1 авг. 2010 г.

The Ghost Writer

& Adam Lang: Have you really got my entire book on that little thing?
    Amelia: We can get 100 books on it, Adam. And it can be copied in a flash. That's the trouble.
    Adam: Amazing.


& Ghost: Hi, Rick. Now they want the book in two weeks. Thanks for getting me this job. Can't talk. Some peace protestors are trying to kill me.


& Amelia: Are you ill?
    Ghost: No, I'm aging. This place is Shangri-La in reverse.


& Adam: Are you saying I can't leave the United States?
    Lawyer-1: As your attorney, I strongly advise you not to travel to any country that recognizes the jurisdiction of the International Criminal Court.
    Adam: Well, just about every country in the world recognizes the ICC.
    Lawyer-1: America doesn't.
    Adam: Who else?
    Lawyer-2: Iraq, China, North Korea, Indonesia, Israel.
    Adam: And that's it?
    Lawyer-2: There are some parts of Africa.

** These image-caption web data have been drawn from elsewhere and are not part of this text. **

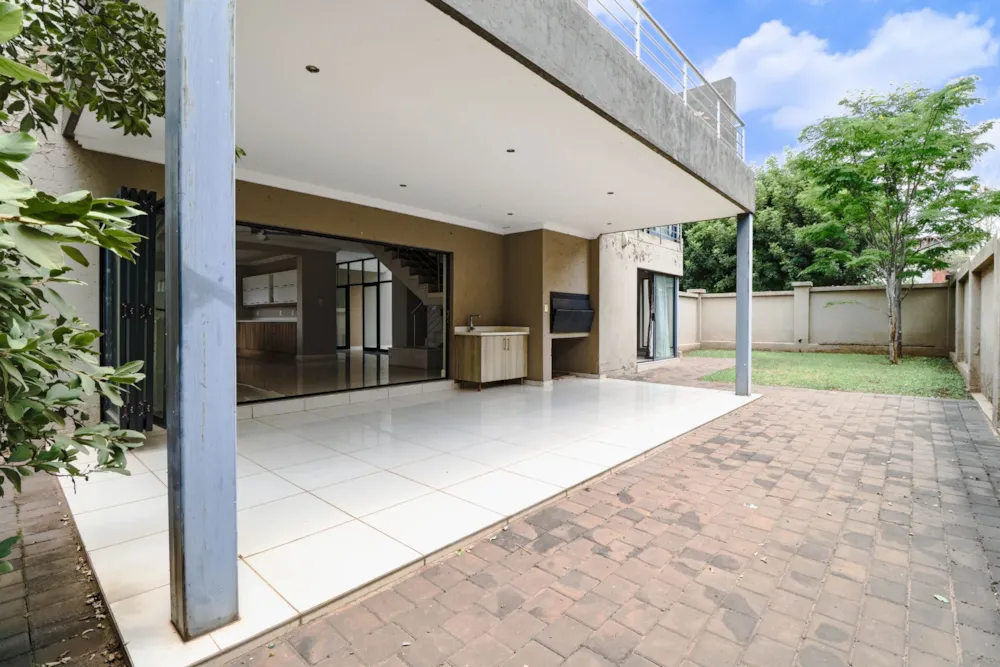 Security estate home for sale in Midstream Estate - CN1726230 Security estate home for sale in Midstream Estate - CN1726230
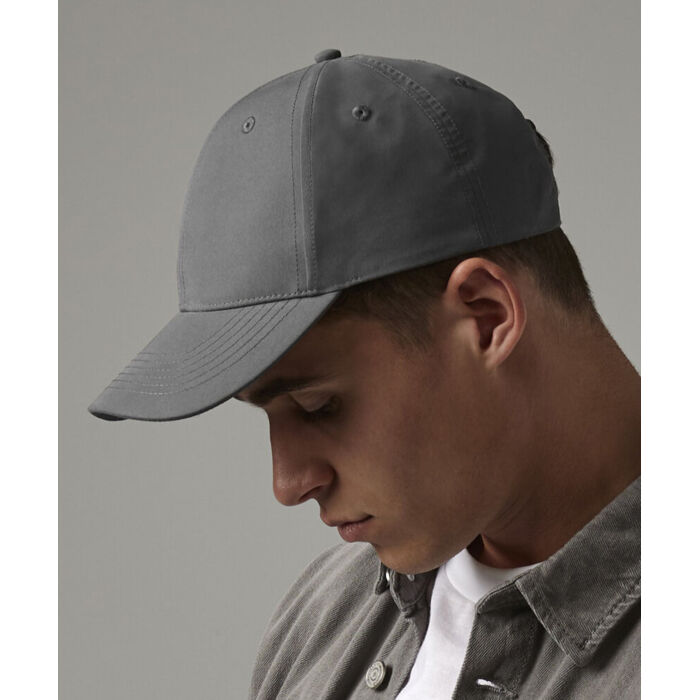 Recycled pro-style cap Thumbnail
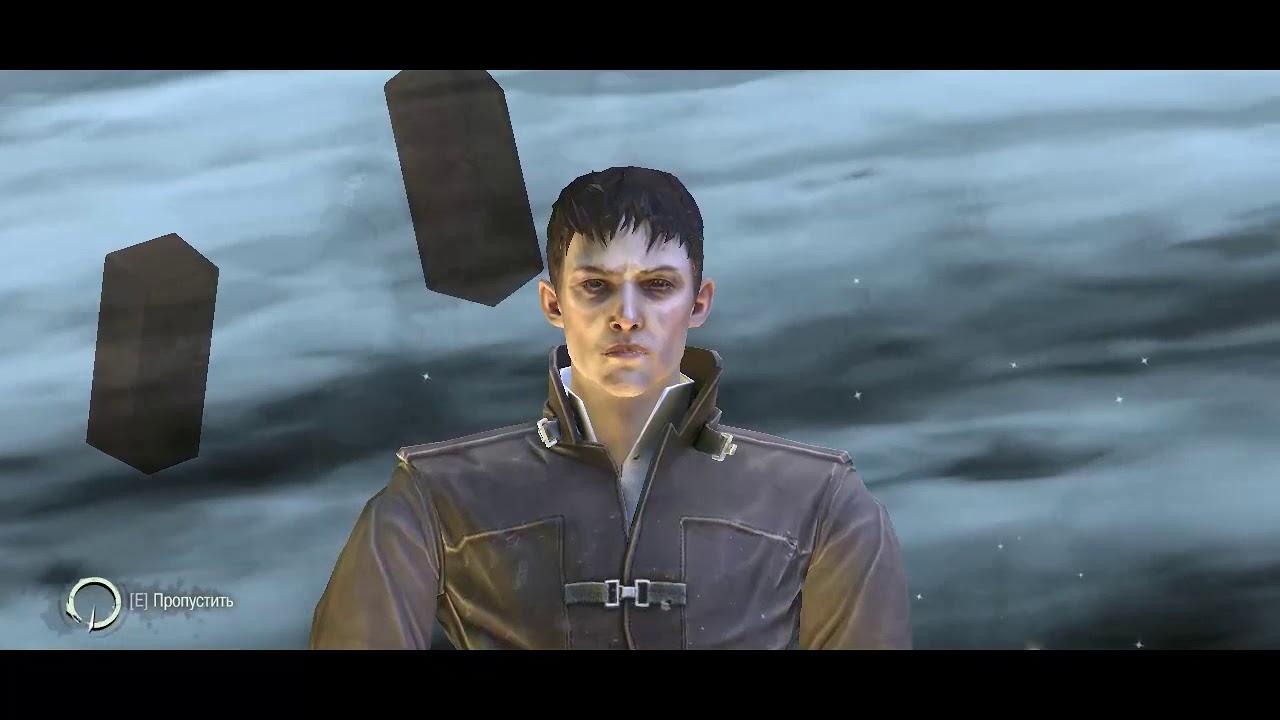 Dishonored Youtube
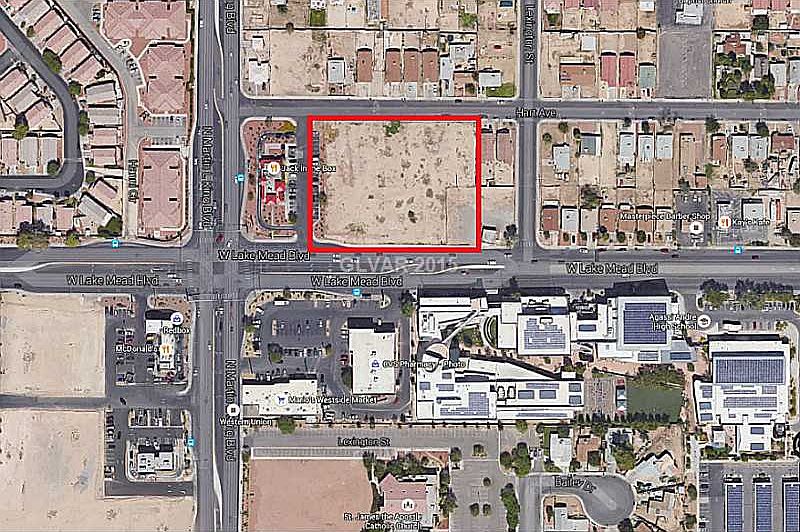 1st image of 1350 W Lake Mead Blvd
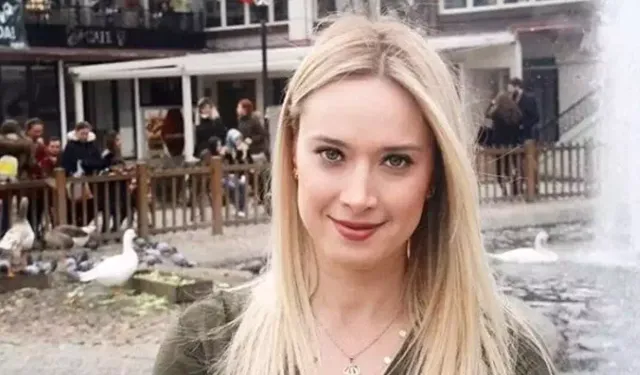 Voleybolcu Derya Çayırgan'a 'ev hapsi' şeklinde adli kontrol talebi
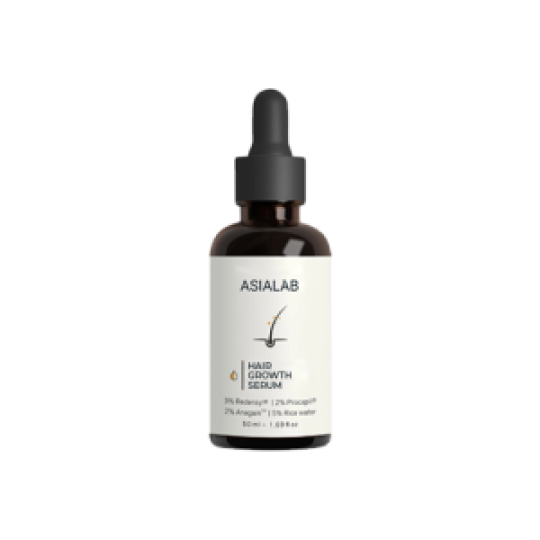 TINH CHẤT MỌC TÓC HAIR GROWTH SERUM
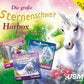 KOSMOS Hörspiel-CD-Box Sternenschweif Folgen 13 - 15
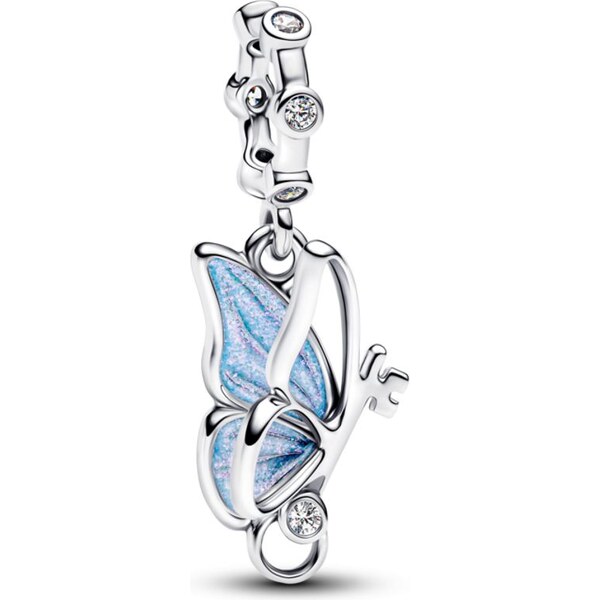 PANDORA Okrídlený visiaci prívesok 66121902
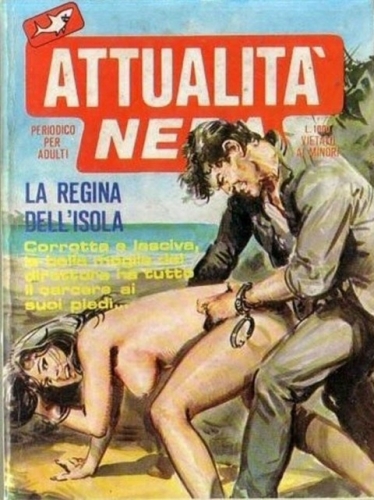 Attualità nera # 176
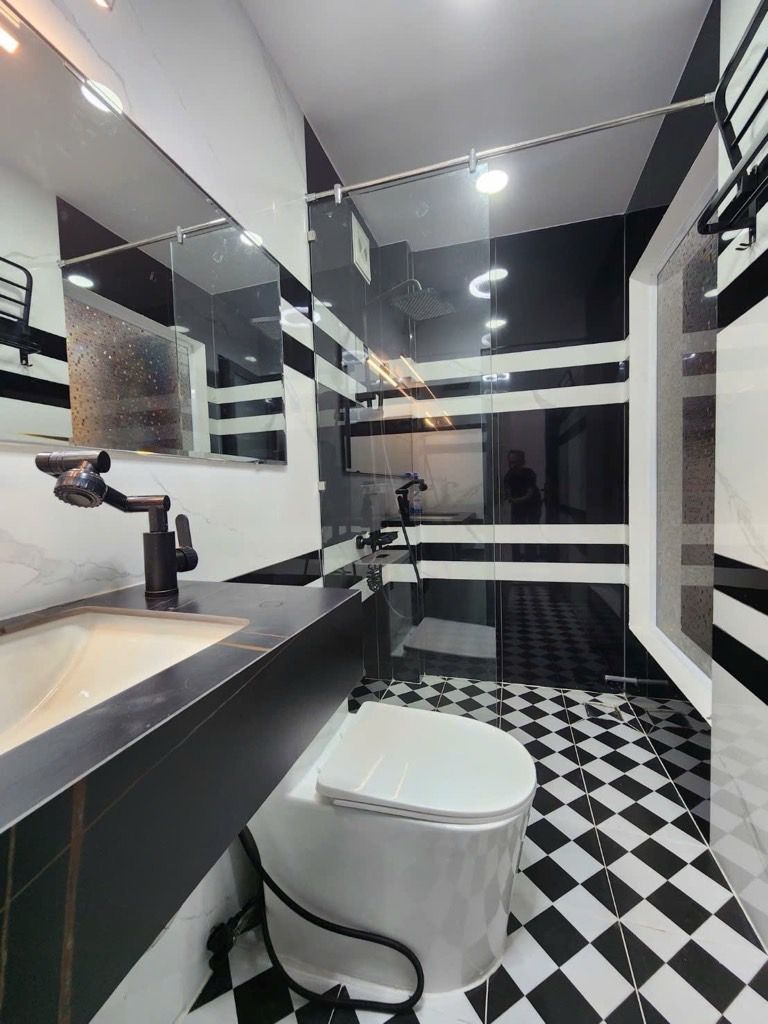 BÁN NHÀ PHAN ANH - 90M2 - 4 TẦNG - HẺM XE TẢI 7M - NGAY NGÃ TƯ 4 XÃ - GIÁ 7,9 TỶ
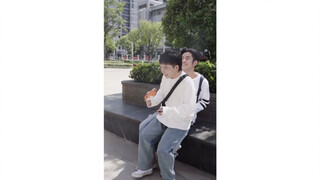 当你和一个爱吃醋的188攻恋爱...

& Hotel clerk: What can I do for you, sir?
    Ghost: You wouldn't happen to know if there are any flights leaving the airport tonight, would you?
    Clerk: Not unless you've got your own private jet.
    Ghost: I lent it to my butler.



On Imdb


~ Ну так, незамысловато. От Ghost-a избавляться, конечно, нужно. Но не так же тупогрубо.